Section 2 Logistic Regression Flashcards
What is w0 in linear regression
Parameter w0 is the intercept allowing for any fixed offset in the data. It is often called bias.
How are the regression coefficients found in linear regression?
Maximisation of the log-likelihood is equivalent to minimization of the squared loss function will lead to the same optimisation.
What is the motivation for logistic regression?
Logistic regression models a binary target categorical variables given a collection of predictors. The motivation for logistic regression is to map R to the 0,1 set to model Pr(Y=1 given the predictor X).Logistic regression provides an interpretable model where can understand how the traits of individual observations contribute to their classification.
In linear regression what is the error assumption?
We assume errors in our linear regression are normal with zero mean and variance sigma
Explain classification
Predicting the value of Y using inputs of X can be called classification since we assign the observation to a category, or class.
What are linear regression models used for
Linear regression models relationships between numerical response and multiple predictors using a linear model (real set).This cannot be used for a binary/categorical response.
What is logistic regression?
Logistic regression is used to model a binary categorical variable given a collection predictors. Maps the real numbers to just 0,1. The logistic regression model defines the probability p as a function of parameter and predictors in terms of the logistic function.
Interpret w0
The intercept w0 is the value of the logit corresponding to xi = 0. The intercept w0 is sometimes called bias.
Interpret W weights
The coefficient w measures the effect of the variable on the logit.
R function to fit a logistic regression
glm() to fit logistic regression models. This is because it allows variables forming the regression to be of all different categories.

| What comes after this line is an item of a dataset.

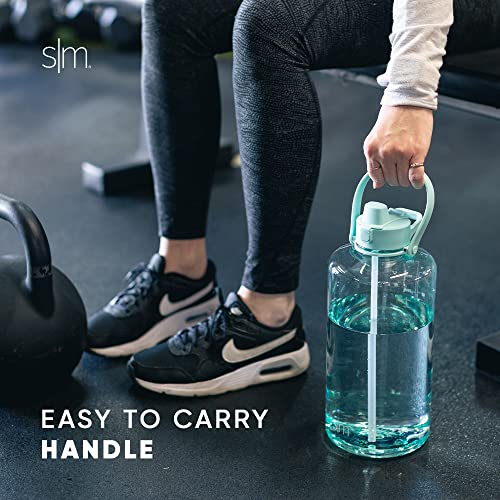 Simple Modern Half Gallon Water Bottle with Straw Lid | 64oz, Ombré | Summit Reusable Plastic Water Bottle | Motivational Markers, Push-Button Flip Straw Lid | Made Without BPA | Sorbet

What does R return using glm function?
estimates for weights parameters, std errors of these estimates, z value and p value
Define a hypothesis test to determine if a variable has a significant effect on the target variable
To determine if a variable Xj has a significant effect on the target variable Y , we may wish to perform the hypothesis test:
H0:wj=0 vs HA wj not equal to 0
Name three estimation options for parameter estimates
Maximum likelihood estimation, minimization of least squares loss function or minimising the mean squared error loss function.
What is the response variable modelled as under logistic regression?
Response variable is modelled by a Bernoulli distribution given the values of the input variables.
How is wj generally estimated?
Maximising the log-likelihood. or minimising loss functions. No closed form solution for wj is available, and optimization is performed numerically and software is used. In the GLM literature, maximisation of the logistic regression log-likelihood is performed using the Newton-Raphson algorithm.